2. Droit et pratique internes pertinents
a) Article 21 de la Constitution du 8 décembre 1991 : traduction "(1) Toute personne peut s'adresser à la justice pour la protection de ses droits, de ses libertés et de ses intérêts légitimes. (2) Aucune loi ne peut restreindre l'exercice de ce droit."
b) Article 330 du Code de procédure civile : traduction " Le Procureur Général, d'office ou à la demande du Ministre de la Justice, peut attaquer par la voie du recours en annulation introduit devant la Cour Suprême de Justice, les décisions judiciaires irrévocables, pour les raisons suivantes : 1. Lorsque l'instance judiciaire a outrepassé les attributions du pouvoir judiciaire; 2. [...]" Article 330¹ du Code de procédure civile : traduction "Le recours en annulation peut être introduit à tout moment." Article 330² du Code de procédure civile : traduction " Le Procureur Général peut ordonner, pour une période limitée, la suspension de l'exécution des arrêts avant l'introduction du recours en annulation.
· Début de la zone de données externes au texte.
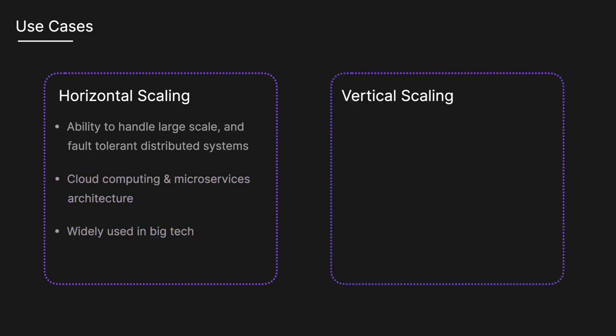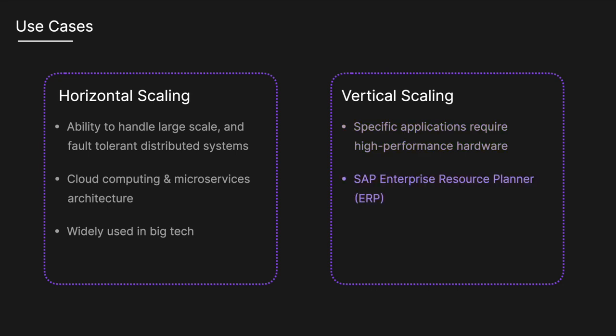Vertical scaling remains relevant for applications needing high-performance hardware, but is limited by a single machine's capacity. For instance, companies running SAP Enterprise Resource Planner might upgrade hardware to meet increased processing needs.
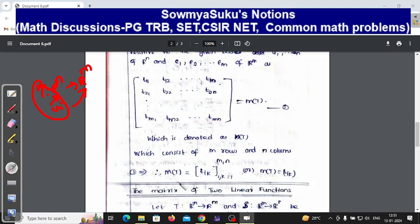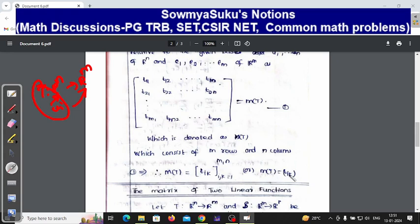So you can write M(T) equal to the matrix with elements tᵢₖ, where i and k range from 1 to m and 1 to n respectively — entries (1,1), (1,2), ..., (1,n); (2,1), (2,2), ..., (2,n); and so on to (m,1), (m,2), ..., (m,n). This is the matrix of the linear function.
Après l'introduction du recours en annulation, l'instance judiciaire peut ordonner la suspension de l'exécution des arrêts ou révoquer la suspension déjà ordonnée."
c) Article II du décret no. 92/1950 concernant la nationalisation de certains immeubles traduction "Le présent décret ne régit pas et ne sont pas nationalisés les immeubles appartenant aux ouvriers, fonctionnaires, petits artisans, intellectuels par profession et retraités."
d) Article XI du décret no. 524 du 24 novembre 1955 portant modification du décret no. 92/1950 "En application des critères fixés [...] par l'article II, le Conseil des Ministres pourra opérer des modifications dans les annexes au décret [contenant la liste des immeubles nationalisés]. Le Conseil des Ministres pourra également décider de ne pas appliquer les dispositions de nationalisation, quelque soit l'appartement ou l'immeuble."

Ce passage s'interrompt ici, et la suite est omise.